AFS ambulance drivers with two Italian children, one holding a box of chewing gum on February 4, 1944. Photograph by Loftus B. Cuddy, Jr. RG2/001, AFS World War II Photographic Collection. This image cannot be reproduced outside the guidelines of United States Fair Use (17 U.S.C., Section 107) without advance permission from the AFS Archives.

The Allied forces in World War II launched an amphibious landing in the areas of Anzio and Nettuno on January 22, 1944, against German forces during the Italian Campaign in what’s referred to as “Operation Shingle.” Despite the initial and successful element of surprise, the Allies were unable to quickly consolidate and send reinforcements for an offensive attack, and the Battle of Anzio against the Axis powers dragged into the summer months. Two American Field Service (AFS) ambulance sections of D Platoon, 485 Company, were assigned to take part in the amphibious landing. The drivers practiced loading and unloading ambulances from tank landing ships and waterproofing their ambulances prior to the operation. The sections were joined by additional AFS ambulance drivers after landing and throughout the ensuing battle, all helping to evacuate the high number of casualties.

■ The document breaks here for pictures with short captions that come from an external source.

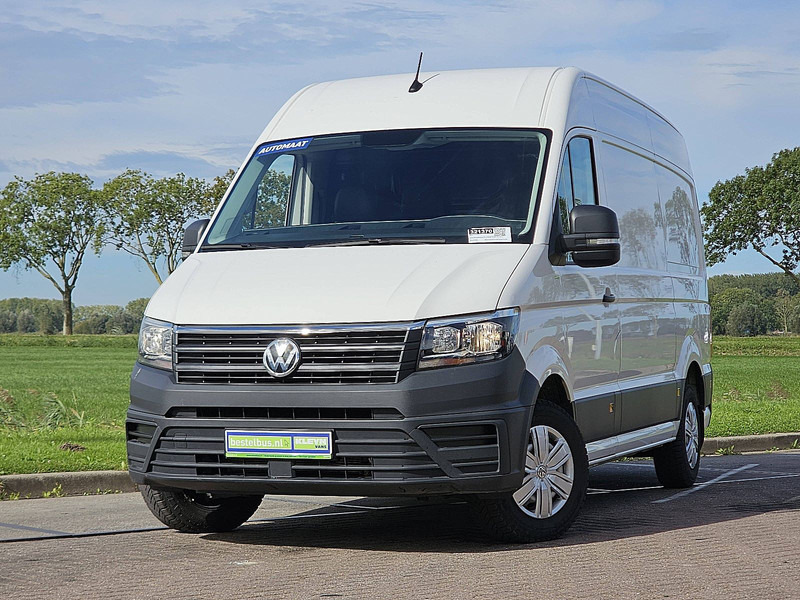 Volkswagen Crafter 35 2.0 L3H3 140Pk Automaat! - Xe van chở hàng: hình 1 Volkswagen Crafter 35 2.0 L3H3 140Pk Automaat! - Xe van chở hàng: hình 1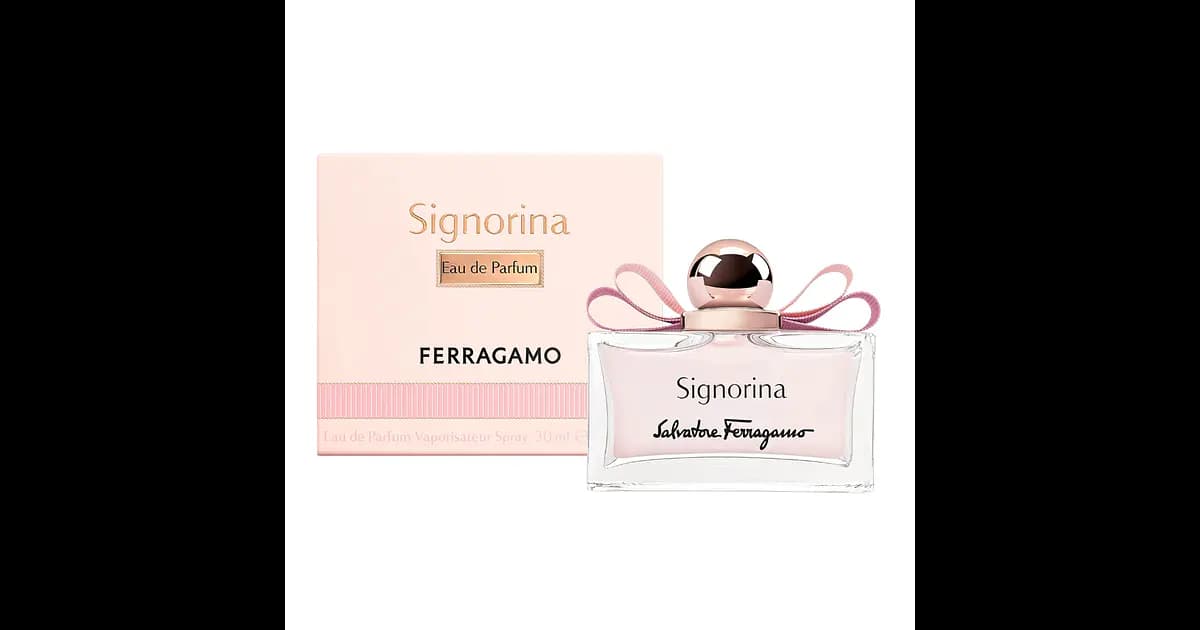 Salvatore Ferragamo Signorina Eau de Parfum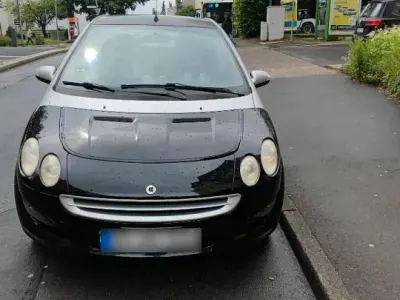 Gebraucht Smart ForFour 95 PS (69 kW) 2004 Andere farben Kleinwagen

The photograph depicted above features two Italian children, one holding a box of chewing gum given to him by AFS ambulance drivers Bernie Curley and Richard Decatur. The photograph was taken by fellow ambulance driver Loftus B. Cuddy, Jr. near the beachhead established in Anzio. The two children were found wandering along the beachhead, and were later taken to a safe camp where civilians who were caught in the invasion of Anzio waited until they could be evacuated.